しかしながら英国のSkyは、Slackなど既存のコミュニケーションチャネル経由ではフィリピンにあるComcastに接続することができないため、別の方法を探さなければならなかった。SkyはAzureも使用していた。ComcastにはそれまでAzureの経験はなかったが、新たなクラウドプラットフォームとするために、このチャレンジを受け入れることにしたのだ。Comcastの定義するdojoは、次のようなものだ。
フルスタックエンジニアが集まって最新のエンジニアリングや製品、アジャイルプラクティスを学ぶための、没入型学習エクスペリエンスとなるようにデザインされたスキルアッププログラム
両社は、dojo参加を通じて全員が何らかのものを確実に学べるようにする、という作業協定の下で協力し、目標とその基準、dojoスプリントの基本ルールを共同で作成した。作業では、仮想ホワイトボードやScrum/かんばんボードを提供するMuralなど、リモートコラボレーションツールが使用された。
講演の中で氏らは、既存の変更要求プロセスにおいて、新たなDNSレコードを生成するために3レベルの承認が必要であることを説明した。仮想ルームには技術系と非技術系の人々が混在しているため、相互に学ぶことが可能だった。Parkas氏によれば、"彼ら(技術チーム)との作業で、私たちがエイリアンと一緒にいるようには感じることはありませんでした!" VinylDNSによって、DNSゾーンの生成が増えるに従って複雑化していた、面倒な承認プロセスは廃城された。このプロセスを拡大する方法は唯一、自動化することだけだ、とWinslow氏は述べている。氏らはまた、独自のdojoをモデル化する上で役に立った重要なリソースとして、IT Revolutionの書籍"Getting Started with Dojos"を紹介した。
カンファレンスの2日目には、DXC TechnologyのDevOpsプリンシパルであるOliver Jacques氏と、グローバルデリバリ担当VP兼CTOのChris Swan氏が、書籍"Accelerate"やNicole Forsgen博士、Jez Humble氏、Gene Kim氏らの研究で有名になった、DevOpsパターンを学習および実践できる場であるオープンソースのオンラインDevOps dojoを紹介した。

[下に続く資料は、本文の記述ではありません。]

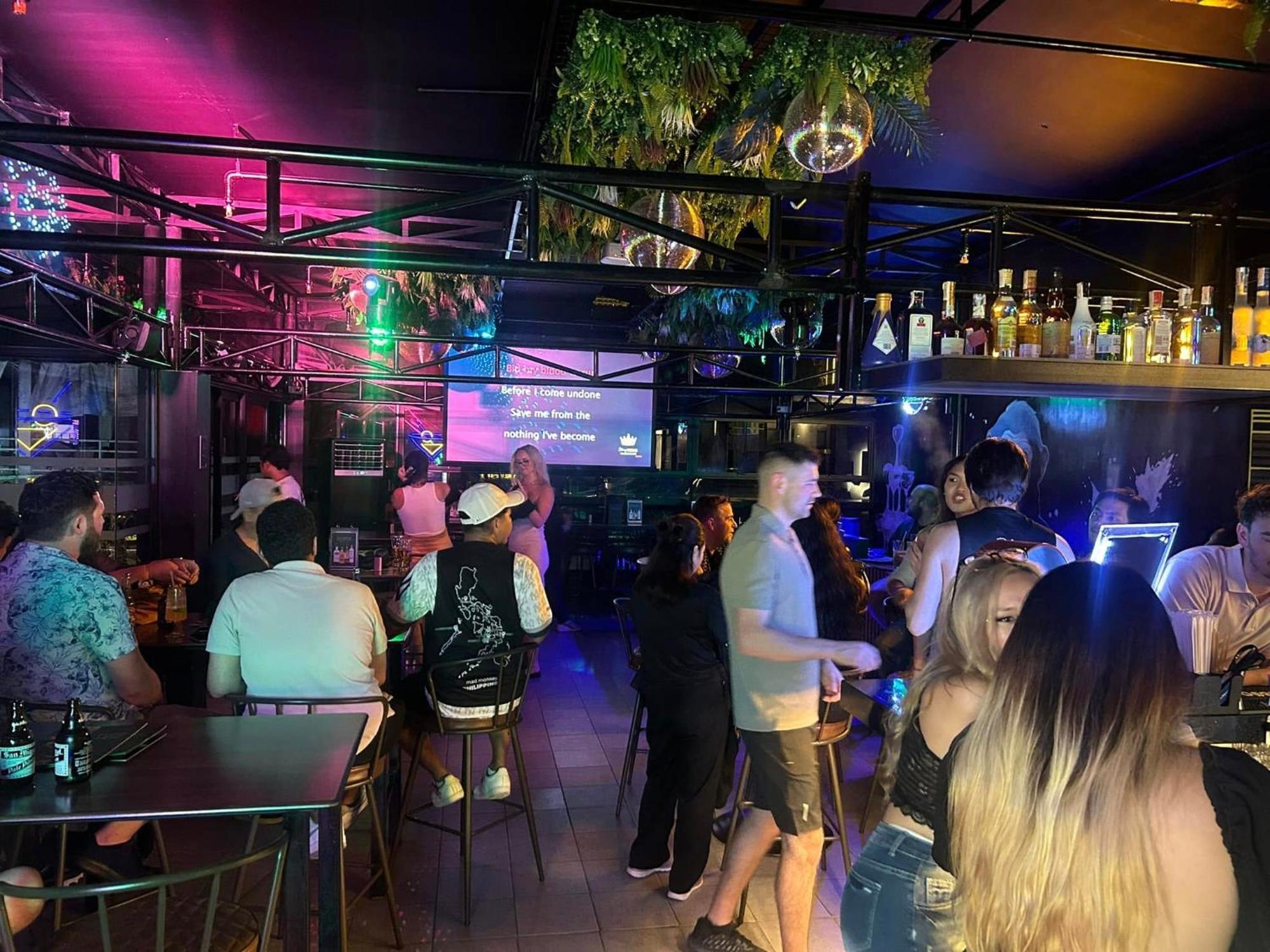 Mad Monkey Manila Vandrarhem Makati City Exteriör bild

講演の中で氏らは、オンラインDevOps dojoのトレーニングモジュールのひとつである"shifting security left"を一通り案内してみせて、開発者が直接的に再利用可能なコンテンツを受け取ること、リーダがその概念を理解し、実装を確認し、チームに同様なプログラムを作成するためのリソースにアクセスすることを説明した。学習モジュールはオープンソースで、DevOpsコミュニティには単に利用するだけでなく、エンハンスや新たなモジュールの作成に協力してほしい、と氏らは呼びかけていた。
同じく2日目には、Dojo Consortium創立メンバであり、Verisonのシステムエンジニアリング担当シニアマネージャのRoger Servey氏、US BankのアジャイルプロダクトエンジニアリングDevOps変革リーダであるStacie Petersen氏、WalmartバリューストリームアーキテクトのBryan Finster氏によって、"Enterprise Transformation Through Scenius"と題した講演が行われた。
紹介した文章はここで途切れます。